Treasuries Begin ’25 With Brief Rally, Soon Overtaken by Signs of Economic Strength

Treasuries Begin ’25 With Brief Rally, Soon Overtaken by Signs of Economic Strength

Treasuries Begin 2025 with Measured Rally, Economic Resilience Takes Over

As the new year gets underway, Treasuries have begun to show signs of economic resilience, a shift from the measured rally seen at the start. Low jobless claims, heavy corporate bond sales, and rising oil prices are some of the key indicators that point to an economy on the rise.

The past year saw support from three Federal Reserve interest-rate cuts, but indications that economic strength may forestall additional moves have offset this support. Yields across maturities reached session lows at the beginning of US trading, only to become narrowly mixed across maturities by late in New York. This is a significant shift from the previous year's trend.

One of the key factors contributing to the measured rally and subsequent resilience is the unexpected drop in new jobless claims. These claims have fallen to an eight-month low, indicating that the labor market remains strong despite expectations of economic slowdown. Furthermore, the price of crude oil has surged by more than 2% to its highest level since October, adding further fuel to the economic fire.

In addition to these indicators, corporate bond sales are also on the rise. Ten companies have lined up offerings for the first session of the year, a testament to investor confidence in the economy. This is a significant development, as it indicates that companies are willing to take on debt and invest in their businesses despite concerns about economic uncertainty.

Market Outlook: Risks Ahead

As we move into the new year, there are several risks that investors should be aware of. The January employment data will be crucial, and any surprises in this report could have a significant impact on market sentiment. Additionally, the auctions of three-, 10- and 30-year debt are set to take place next week, which could also influence market direction.

The Treasury Department has announced that these auctions will be held a day earlier than normal, starting Monday. They will conclude before the National Day of Mourning in honor of former President Carter on January 9th. This timing is notable, as it may impact investor behavior and sentiment ahead of this important event.

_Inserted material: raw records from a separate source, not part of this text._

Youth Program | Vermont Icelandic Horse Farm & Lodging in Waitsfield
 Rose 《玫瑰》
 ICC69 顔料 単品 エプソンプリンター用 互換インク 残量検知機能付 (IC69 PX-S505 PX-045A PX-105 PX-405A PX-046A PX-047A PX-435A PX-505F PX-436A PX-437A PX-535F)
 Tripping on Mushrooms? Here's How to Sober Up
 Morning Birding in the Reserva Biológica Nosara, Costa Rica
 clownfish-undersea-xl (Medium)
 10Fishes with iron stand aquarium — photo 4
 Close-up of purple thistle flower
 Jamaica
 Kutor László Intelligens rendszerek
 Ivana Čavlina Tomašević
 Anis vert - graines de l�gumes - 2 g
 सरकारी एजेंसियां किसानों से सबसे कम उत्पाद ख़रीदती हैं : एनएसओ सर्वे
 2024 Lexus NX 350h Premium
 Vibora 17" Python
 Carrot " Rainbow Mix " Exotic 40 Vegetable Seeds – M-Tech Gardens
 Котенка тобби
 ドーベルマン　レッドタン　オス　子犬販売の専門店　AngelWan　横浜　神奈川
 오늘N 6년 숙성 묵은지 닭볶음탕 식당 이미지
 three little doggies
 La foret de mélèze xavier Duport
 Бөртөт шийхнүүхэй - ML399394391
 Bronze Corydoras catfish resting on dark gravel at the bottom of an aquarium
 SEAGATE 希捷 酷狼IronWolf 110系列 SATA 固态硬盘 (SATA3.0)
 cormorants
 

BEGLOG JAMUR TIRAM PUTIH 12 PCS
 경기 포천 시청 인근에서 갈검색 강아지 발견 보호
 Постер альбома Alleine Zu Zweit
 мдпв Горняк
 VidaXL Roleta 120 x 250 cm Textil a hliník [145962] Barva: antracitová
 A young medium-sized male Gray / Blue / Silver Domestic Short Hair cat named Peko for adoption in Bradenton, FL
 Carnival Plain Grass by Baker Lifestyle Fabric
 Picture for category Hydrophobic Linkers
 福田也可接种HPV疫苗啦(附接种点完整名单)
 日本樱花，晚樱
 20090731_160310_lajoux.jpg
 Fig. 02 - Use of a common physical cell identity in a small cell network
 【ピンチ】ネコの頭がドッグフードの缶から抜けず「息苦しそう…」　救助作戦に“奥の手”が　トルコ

Despite the potential risks ahead, market strategists generally favor short-term Treasuries over longer-dated tenors. They anticipate that President-elect Donald Trump's policies may lead to higher inflation and wider federal deficits, which would make long-term bonds more vulnerable to interest rate changes.

Yield Curve Steepens as 2024 Comes to a Close

Looking back at the past year, we can see that most Treasury yields climbed in 2024. The two-year tenor was the exception, declining by less than a basis point. However, five- to 30-year yields rose by at least half a percentage point, causing price erosion that was offset by higher coupon income than in previous years.

The yield curve steepened as a result, with the 10-year exceeding the two-year and the 30-year topping the 5-year by more than half a percentage point. This is the first time since 2022 that these yields have been so far apart, indicating a significant shift in market expectations.

Conclusion

As we begin the new year, it's clear that Treasuries are showing signs of economic resilience. Low jobless claims, heavy corporate bond sales, and rising oil prices all point to an economy on the rise. However, there are risks ahead, including crucial January employment data and auctions of three-, 10- and 30-year debt.

Market strategists generally favor short-term Treasuries over longer-dated tenors, anticipating that President-elect Donald Trump's policies may lead to higher inflation and wider federal deficits. The yield curve steepened in the past year, with most Treasury yields climbing as a result of price erosion offset by higher coupon income.

As we move forward into 2025, investors would do well to keep these factors in mind when making investment decisions. By understanding the underlying drivers of market trends and sentiment, they can make more informed choices about their investments.